According to Garfinkel, the majority of the work in the digital forensics field has been in the first part of the data extraction process, which includes preparing policies, training, and tools, collecting and preserving data, and extracting saved data.  Garfinkel’s work focuses on improving the step that follows: the analysis of the extracted data.  As such, his presentation focused on the methods he uses to search extracted data and the challenges he faces when trying to do so.

Garfinkel explained that three principles form the basis of his research:  the importance of automation, the necessity of concentrating on invisible data (deleted and partially overwritten files, fragments of memory, and tool marks), and the importance of working with large amounts of data because a larger amount of data is more challenging to accurately analyze.

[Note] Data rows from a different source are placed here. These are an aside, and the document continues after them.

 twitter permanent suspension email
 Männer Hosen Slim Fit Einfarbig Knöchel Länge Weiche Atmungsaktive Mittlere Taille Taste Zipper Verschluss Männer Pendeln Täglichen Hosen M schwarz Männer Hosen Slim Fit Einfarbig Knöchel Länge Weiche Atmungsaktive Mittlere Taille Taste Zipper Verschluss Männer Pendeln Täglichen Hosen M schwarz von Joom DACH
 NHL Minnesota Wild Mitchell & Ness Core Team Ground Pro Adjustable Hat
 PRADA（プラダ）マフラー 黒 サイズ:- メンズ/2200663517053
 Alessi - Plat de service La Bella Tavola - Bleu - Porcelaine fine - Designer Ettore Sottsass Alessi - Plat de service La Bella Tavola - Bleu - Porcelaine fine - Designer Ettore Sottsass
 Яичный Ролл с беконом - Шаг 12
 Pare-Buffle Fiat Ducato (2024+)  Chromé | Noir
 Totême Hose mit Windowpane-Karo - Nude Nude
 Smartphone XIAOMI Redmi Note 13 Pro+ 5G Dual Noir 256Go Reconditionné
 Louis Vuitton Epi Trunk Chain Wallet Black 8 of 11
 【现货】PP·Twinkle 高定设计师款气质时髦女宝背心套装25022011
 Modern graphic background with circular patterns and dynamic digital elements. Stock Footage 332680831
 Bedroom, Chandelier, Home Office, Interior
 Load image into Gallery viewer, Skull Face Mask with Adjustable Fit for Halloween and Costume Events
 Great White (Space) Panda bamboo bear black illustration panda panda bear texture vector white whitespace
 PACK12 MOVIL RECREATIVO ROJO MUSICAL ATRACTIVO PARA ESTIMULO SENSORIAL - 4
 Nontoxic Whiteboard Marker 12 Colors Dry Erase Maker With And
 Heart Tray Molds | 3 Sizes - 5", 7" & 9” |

He continued by discussing the challenges facing those within the digital forensics field.  The diversity of the systems that must be analyzed and the continuous growth in the diversity of these systems over time makes it increasingly harder to create and maintain digital forensics software.  At the same time that the systems are becoming more diverse, they’re also storing more data, which means more data needs to be analyzed in the same short period of time.

Additionally, the deficiencies in human capital, including the abundance of under-qualified digital forensics developers, must be overcome.  The last challenge Garfinkel specified, unrealistic expectations, is the result of the ubiquity of crime shows in which digital forensics work is quickly performed and always successful.  The last segment of the presentation was focused on random sampling and sector hashing, the methods Garfinkel uses to analyze data.